** Opening INPUT DATA block **

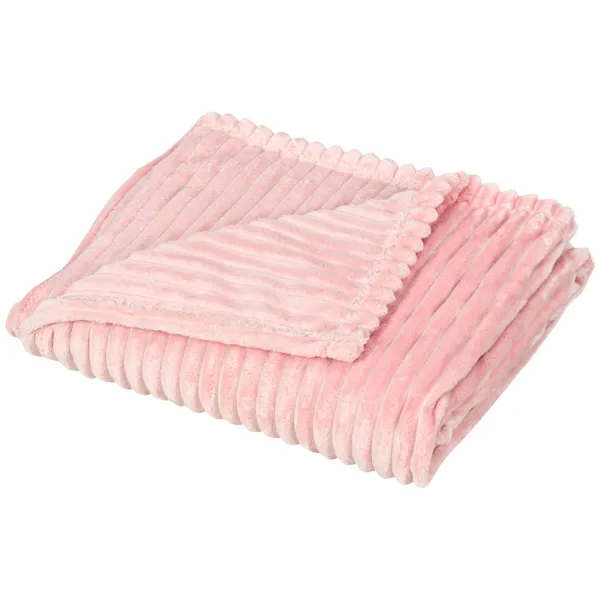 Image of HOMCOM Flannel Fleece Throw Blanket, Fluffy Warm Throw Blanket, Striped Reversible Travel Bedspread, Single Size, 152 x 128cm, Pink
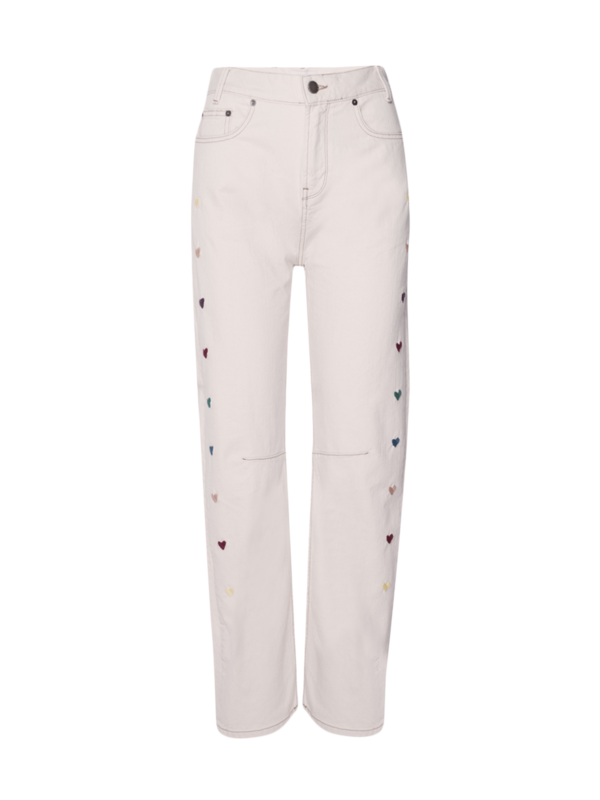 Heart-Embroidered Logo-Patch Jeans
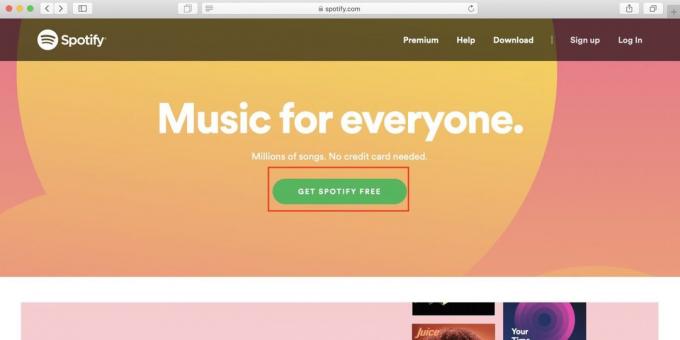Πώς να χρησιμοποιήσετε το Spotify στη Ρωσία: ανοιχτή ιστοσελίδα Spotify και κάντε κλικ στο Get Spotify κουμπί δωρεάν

** Closing INPUT DATA block **

Copy the listing word for word, excluding its pictures.

 Image of HOMCOM Flannel Fleece Throw Blanket, Fluffy Warm Throw Blanket, Striped Reversible Travel Bedspread, Single Size, 152 x 128cm, Pink
 Heart-Embroidered Logo-Patch Jeans
Πώς να χρησιμοποιήσετε το Spotify στη Ρωσία: ανοιχτή ιστοσελίδα Spotify και κάντε κλικ στο Get Spotify κουμπί δωρεάν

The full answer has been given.